Last updated on March 6th, 2020 at 12:39 pm
What is the difference between board and shareholder resolutions?
The board of directors of a company manage the business of the company on a day-to-day basis. The directors have authority to make decisions on behalf of the company, except those that the Companies Act 2006 (“Act”) or the articles of association of the company (or any shareholders agreement the company has in place) require the shareholders to make. The point of a board resolution is to address a specific issue that the board needs to decide on (here, to approve the company subdividing its share capital and to instruct the shareholders of the company to pass an ordinary resolution to authorise the subdivision). Board resolutions therefore reflect decisions made by the board of directors of a company.
Shareholder resolutions can either be made by way of an ordinary resolution or a special resolution. The distinction between ordinary and special resolutions is set out in detail below. Some decisions of the company must be made by way of a resolution of the shareholders, for example the company can only amend its articles by passing a special resolution of the shareholders and a company can authorise its directors to allot (i.e. issue) new shares by the company’s shareholders passing an ordinary resolution. Shareholder resolutions therefore reflect decisions made by the shareholders of a company.
Company name and number
The first two brackets within the form relate to the company name and number. The company number should be entered in numerical form, and the name of the company should be typed out in capital letters.
The company number is its registration number and can be found by searching the company’s name at Companies House.
This paragraph states clearly the number and class of shares that the company had in issue prior to the subdivision (i.e. the company may initially have had 100 ordinary shares of nominal value £1.00 each in issue). It also shows the number and class of shares that the company will have in issue following the subdivision (i.e. the company could subdivide its share capital so that its 100 ordinary shares of nominal value £1.00 each instead become 1,000 ordinary shares of nominal value £0.10 each).
The first bracket to be filled out under this paragraph is the number of shares the company currently has in issue (prior to the proposed subdivision), and should be entered in numerical form. In the second bracket which immediately follows the first, you should insert the class of the shares, for example ‘ordinary’ or ‘A ordinary’ (the company may have ‘A ordinary’ and / or ‘B ordinary’ shares in issue if it has implemented an alphabet share structure, with the holders of each type of share having different rights).

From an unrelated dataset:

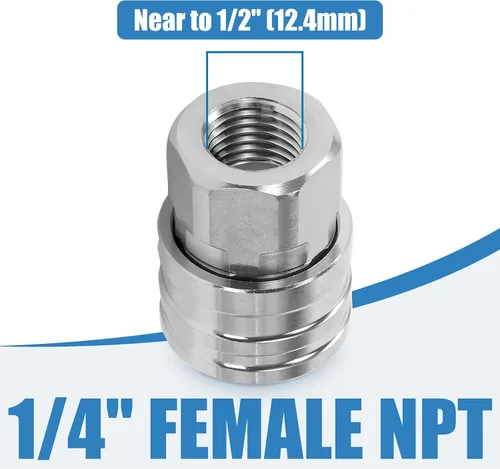 Miniatura 5 de JOEJET Accesorios de conexión rápida para lavadora a presión de 1/4", adaptador de lavadora a presión de acero inoxidable, enchufe de desconexión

The third bracket under this clause requires the nominal value of the company’s issued shares prior to the subdivision to be entered. This should be typed numerically, and the sign for pound sterling can be changed accordingly.
The fourth bracket under this clause requires you to insert the total number of issued shares that the company will have in issue following the subdivision, and should be written numerically. The fifth bracket requires the class of these shares to be entered.
The sixth bracket under this clause requires the new nominal value of the company’s issued shares following the subdivision to be inserted – this should be typed numerically, and the sign for pound sterling can be changed accordingly.
By way of example, paragraph 1.1 would read as follows were the company in question to subdivide its share capital of 100 ordinary shares of nominal value £1.00 each so that its share capital becomes comprised of 1,000 ordinary shares of nominal value £0.10 each:
“1.1 THAT the directors of the Company wish to consider and, if deemed fit, approve various matters in relation to the proposed subdivision of the Company’s current issued share capital of 100 ordinary shares of nominal value £1.00 each so that the issued share capital instead becomes 1,000 ordinary shares of nominal value £0.10 each held in the same proportions by the existing shareholders; and following such subdivision”.
This paragraph refers to the relevant section of the Act which provides that a company is permitted to consolidate or subdivide its share capital by a resolution of the members. As section 618(3) of the Act does not specify the type of resolution required (i.e. whether ordinary or special), the default position under the Act (in accordance with section 281(3) of the Act) is that an ordinary resolution will be sufficient unless the company’s articles require a higher majority or unanimity (or indeed if the provisions of the company’s shareholders agreement requires a higher majority or unanimity – though this is not stated in the Act).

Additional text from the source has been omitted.